Essa poderia ser a história de um rapaz, um rapaz que olha pela janela do carro através da chuva e vê uma moça, uma moça que parece perdida. Não estamos todos perdidos?, ele pensaria, e, tendo coragem de descer do veículo, despindo-se bravamente da blindagem que o envolvia, pediria licença a ela, como um cavalheiro, e lhe pousaria um beijo nas costas da mão, de modo que ela não resistisse ao galanteio e sorrisse, ainda que seu instinto feminino a forçasse a parecer ofendida. Ele a convidaria para fazer qualquer coisa, talvez um café, de acordo com o clichê. Ela, rezando da mesma cartilha dos relacionamentos, de pronto sentir-se-ia ofendida, lhe diria que não. Mas ele, sendo tão doce, com mais uma ou outra palavra e um olhar irresistível, faria com que ela mudasse logo de ideia e seguiriam os dois juntos ao lugar seco mais próximo, que seria quente e alaranjado, em contraste com a chuva azul-cinzenta do lado de fora.
Os dois não trocariam beijos nesse primeiro encontro, é claro, deixariam para conhecerem-se melhor, trocariam e-mails, números de celular, expectativas de tardes ensolaradas ou não tão molhadas quanto aquela, ao menos, em que juntos passariam pelas alamedas dos parques, nos trechos de sol por entre as árvores, e encontrariam num chafariz ao fim do caminho não somente o sorriso um do outro, mas o sorriso acolhedor de um mundo inteiro, que os seguiria com os olhos. Aí sim se beijariam.

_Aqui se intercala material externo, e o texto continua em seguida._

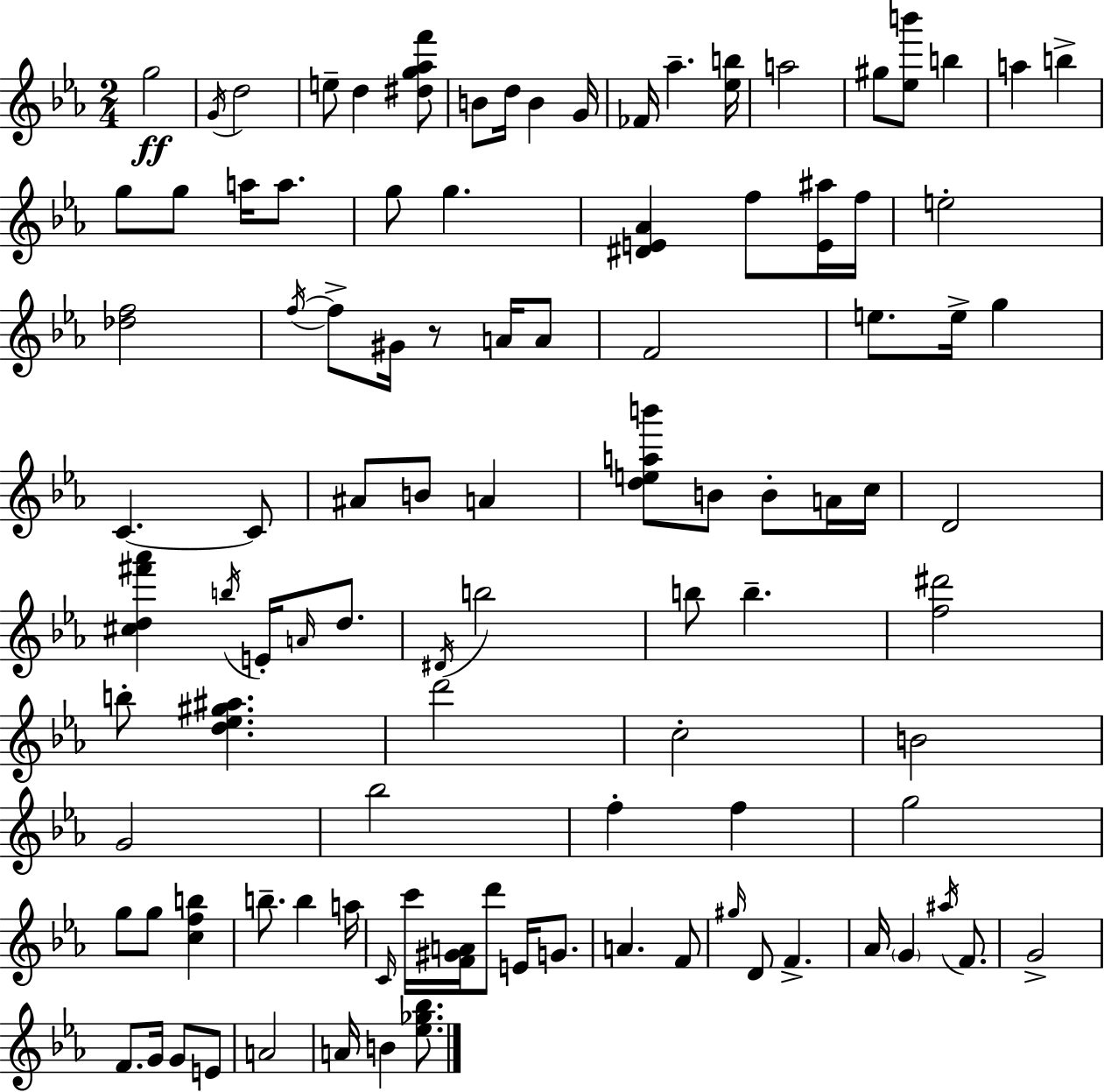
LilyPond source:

Passariam os meses e os dois, palpitantes, ver-se-iam cada vez mais, precisando sempre de doses maiores um do outro do que da última vez em que se experimentaram.

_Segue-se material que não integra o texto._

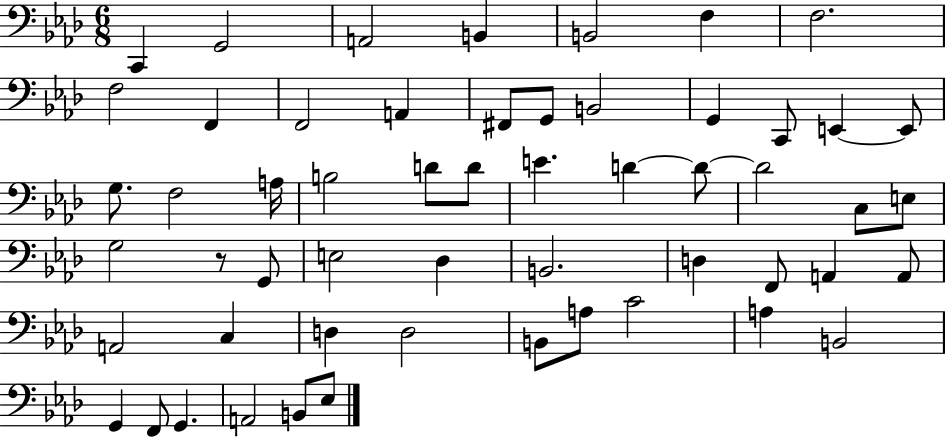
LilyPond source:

{
  \clef bass
  \numericTimeSignature
  \time 6/8
  \key aes \major
  c,4 g,2 | a,2 b,4 | b,2 f4 | f2. | \break f2 f,4 | f,2 a,4 | fis,8 g,8 b,2 | g,4 c,8 e,4~~ e,8 | \break g8. f2 a16 | b2 d'8 d'8 | e'4. d'4~~ d'8~~ | d'2 c8 e8 | \break g2 r8 g,8 | e2 des4 | b,2. | d4 f,8 a,4 a,8 | \break a,2 c4 | d4 d2 | b,8 a8 c'2 | a4 b,2 | \break g,4 f,8 g,4. | a,2 b,8 ees8 | \bar "|."
}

Deixar-se-iam levar tanto pelos corações que, quando chegasse o dia em que a paixão se arrefecesse, não conseguiriam, a princípio, compreender o que se lhes faltava, até que começassem a sentir uma solidão crescente e os olhares, cada vez que se tocassem, doeriam, lhes acometendo de súbito uma tristeza imensa que terapeuta nenhum no mundo poderia explicar. Então um dia diriam um ao outro toda a sorte de coisas horríveis que lhes viessem à cabeça, só para escorcharem-se as feridas como se a dor causada, aumentada, diminuísse a sua própria. Perceberiam por fim, depois de muito tempo, que esse jogo de querer mostrar ao outro na pele o quanto sofriam somente lhes faria sofrer mais e mais, até o dia em que acordariam pela manhã compreendendo enfim que a ausência do outro lhes é mais do que indiferente, é um alívio. Respirariam fundo nesse dia, lembrar-se-iam com carinho de uma tarde em que fugiram da chuva, guardariam essa lembrança à chave no fundo de algum lugar que poderiam até chamar de alma os menos céticos, e levantariam da cama enfim em meio a uma manhã branca de sol, aptos a começar uma história nova.

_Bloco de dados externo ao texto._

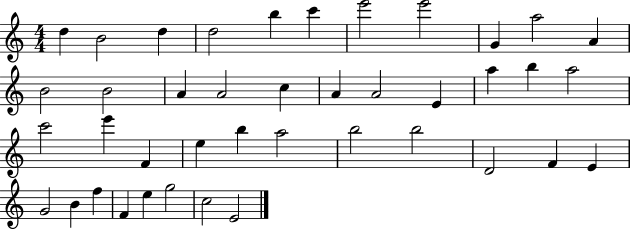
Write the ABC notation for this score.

Mas o mundo é tão infinitamente simples que está muito aquém do que queremos poder perceber. A história passa tão rápido pelos olhos do rapaz que ele nem mesmo a percebe e, quando o sinal torna-se verde, tira os olhos da garota e acelera para casa, deixando para trás, e nem sei se faz tão mal, três parágrafos inteiros de possibilidades incompletas e suposições.